While not technically treaties, the executive also has the power to enter into “political commitments.” These are a bit outside the scope of this post as well, as they are not binding under international law and are not treaties in the international sense. See Vienna Convention, Art. 1 (“‘Treaty’ means an international agreement concluded between States.”). These agreements use “should” type language instead of “shall” type language and are meant to be non-binding. These commitments are enforced by the actions of the parties, but not by any international legal framework. The Iran Deal concluded in the past few years is a good example of a non-binding commitment.
With this multitudinous set of ways that the United States can enter into a treaty, there is a historical gloss, created through practice, that determines which mechanism is used for what type of treaty. Legally, almost all agreements can be made with any of the methods, but in practice certain patterns emerge of what agreements use which process. For instance, important international commitments such as arms control treaties generally pass through the Senate. Additionally, there has been a sizable shift away from the traditional treaty power as time has passed.
|1789 – 1839||60||27|
|1839 – 1889||215||238|
|1889 – 1939||524||917|
|1939 – 1989||702||11,698|
Source: My Class
It is important to note that there are also some interesting questions about what operative effect of treaties once they are signed. The Supremacy Clause states that “all treaties made, or which shall be made, under the authority of the United States, shall be the supreme law of the land.” US Const. Art VI. Some treaties thus immediately become domestic law (if they are designed to) and are thus self-executing, while others need to be paired with legislation that adapts them and makes them operative for our legal system. The details of this are beyond the scope of what I want to talk about today.

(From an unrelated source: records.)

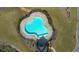 Aerial view of a modern community pool surrounded by well-maintained landscaping and a fence at 4655 Bluffton Ct, Cumming, GA 30028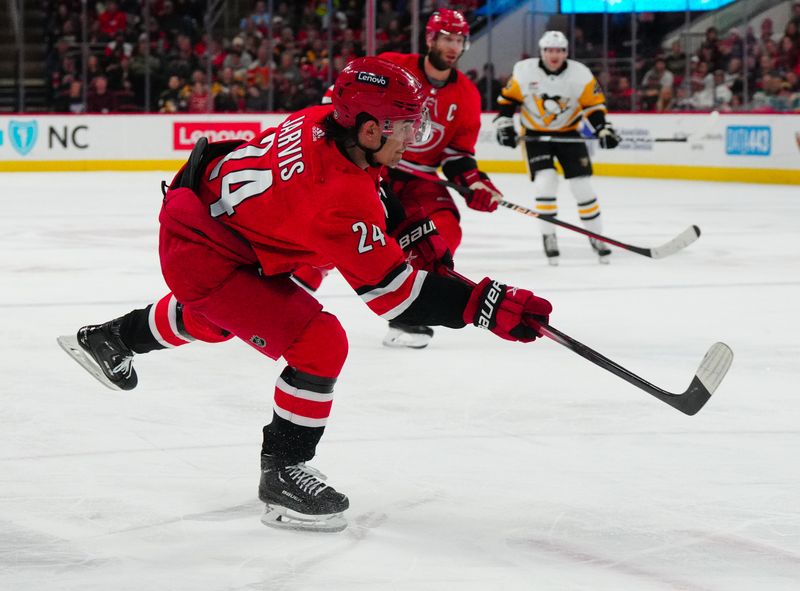 Jan 13, 2024; Raleigh, North Carolina, USA;  Carolina Hurricanes center Seth Jarvis (24) takes a shot against the Pittsburgh Penguins during the third period at PNC Arena. Mandatory Credit: James Guillory-USA TODAY Sports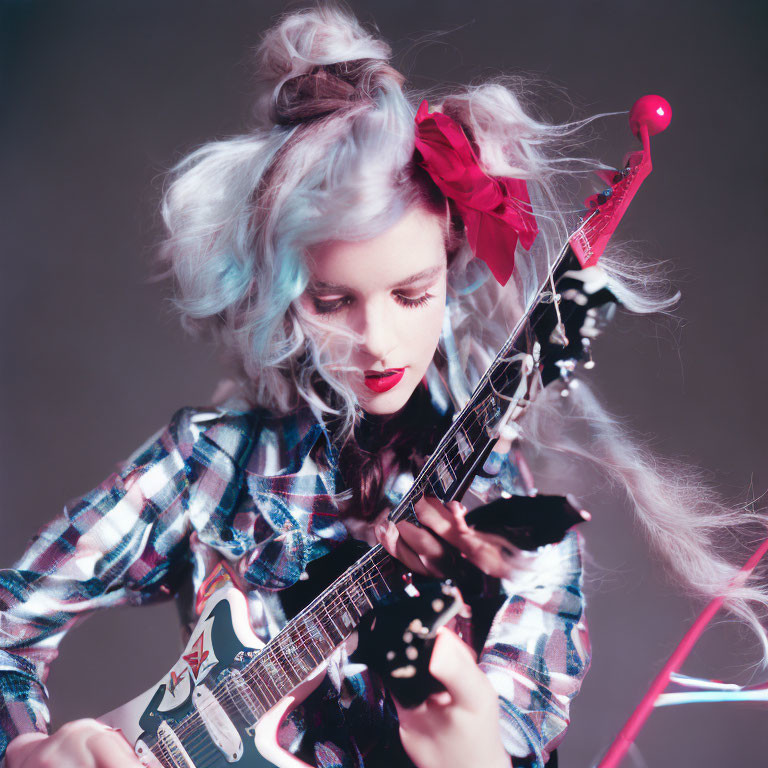 Pastel-haired woman playing electric guitar with red bow on grey background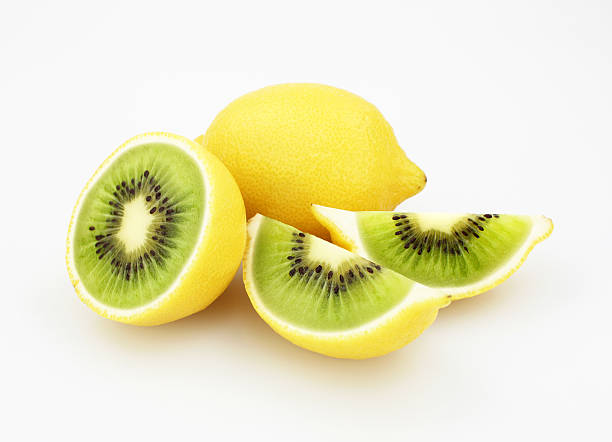 Kiwi or Lemon Lemon skin on the outside, kiwi on the inside. genetic modification photos stock pictures, royalty-free photos & images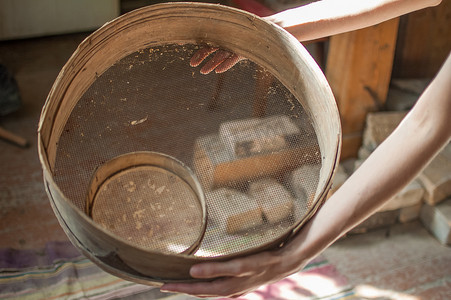 乡村工作摄影照片_旧筛子，过去用于女性手中筛面粉的面包店工具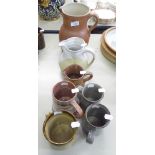 THREE VARIOUS SIZED STUDIO POTTERY JUGS AND FOUR POTTERY TANKARDS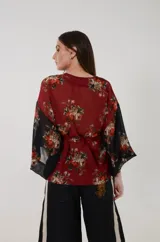 Kimono de gasa con motivos florales, que combina tonos bordó y negro en el cuerpo y las mangas. Presenta mangas anchas cuadradas y faja ancha tipo lazo para atar en la cintura.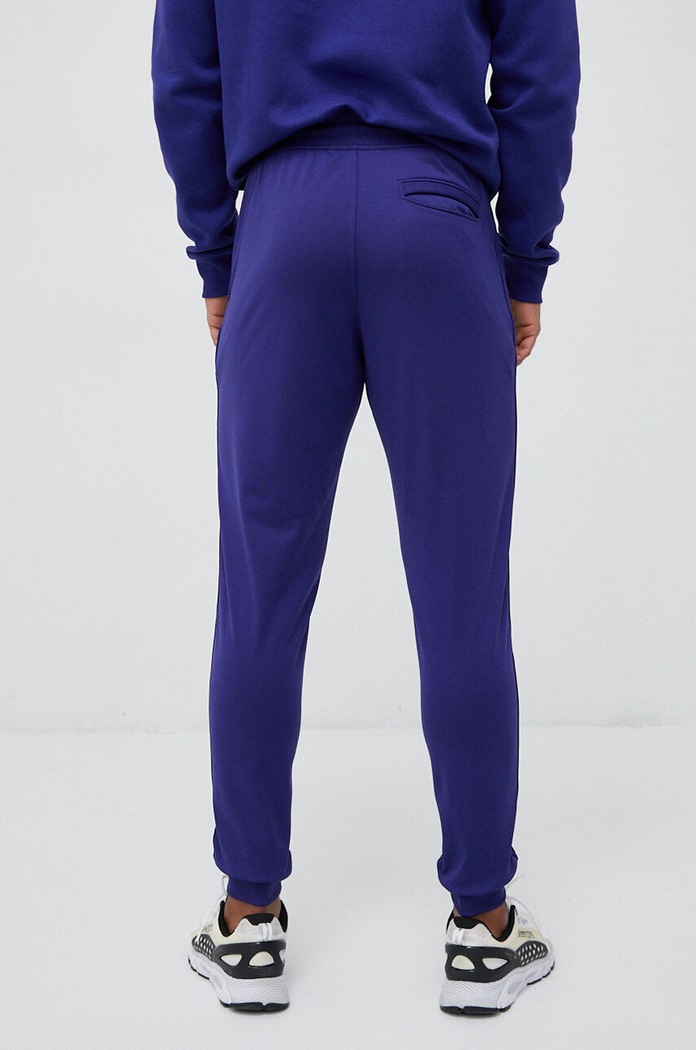Odjeća Donji dio trenirke Under Armour 1290261 ljubičasta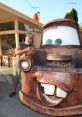 Larry the Cable Guy poses beside Tow Mater from Cars, showcasing the beloved character’s iconic smile and rustic charm.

What about withdrawing from treaties?
Some agreements are almost self-evidently possible to withdraw from. In areas where the President has unilateral power to enter an agreement, as in the case of Sole Executive Agreements and political commitments, the President also has the power to exit these agreements in the same way. Either new President could rip up the Iran Deal immediately.
It is a little more complicated for agreements made using the other two processes – either with the advice and consent of the Senate, or with overall Congressional approval.
The treaty power, described above, only gives the Senate the power to advise and consent on the making of a treaty. It is silent on the process for withdrawing from an agreement already made. By implication, one could argue that the Constitution implicitly would suggest the President should consult with the Senate on the abrogation of a duly made treaty, but typically this is not how the Constitution works. Other areas of Congressional involvement in Article II like appointments do not include the corresponding power to stop the President from firing an Executive officer. If one believes the vesting clause argument, this silence implies that the residual “executive power” to withdraw from treaties was left within the President alone due to the beginning of Article II.
The closest analogue to a pure treaty withdrawal case is found in Goldwater v. Carter, 444 U.S. 996 (1979). In that case, President Carter terminated a treaty with the Republic of China as part of his recognition of the People’s Republic of China. The termination was challenged by Congress, which made the argument that the Constitution required 2/3 Senate approval to withdraw from the treaty (the treaty included a provision to terminate after 1 year’s notice). In a plurality opinion, the court held that it was a nonjusticiable political question and that the court would not interfere in the President’s conducting of foreign relations (citing Justice Jackson’s broad conception of foreign relations power in his concurring opinion in Curtiss-Wright). The lack of a constitutional provision on treaty termination, and the fact that the President was also using the recognition power, also seemed to hold weight in the case. However, there was not a strong rule that came out of it (and later cases might hold that this is not a political question given changes in the law). This is the only real legal authority we have on the constitutional question, and supports that the President can likely terminate a treaty unilaterally (as long as their is a withdrawal provision, at least – it might be possible even if there is no explicit withdrawal provision but this is mostly a reading between the lines of the constitutional silence).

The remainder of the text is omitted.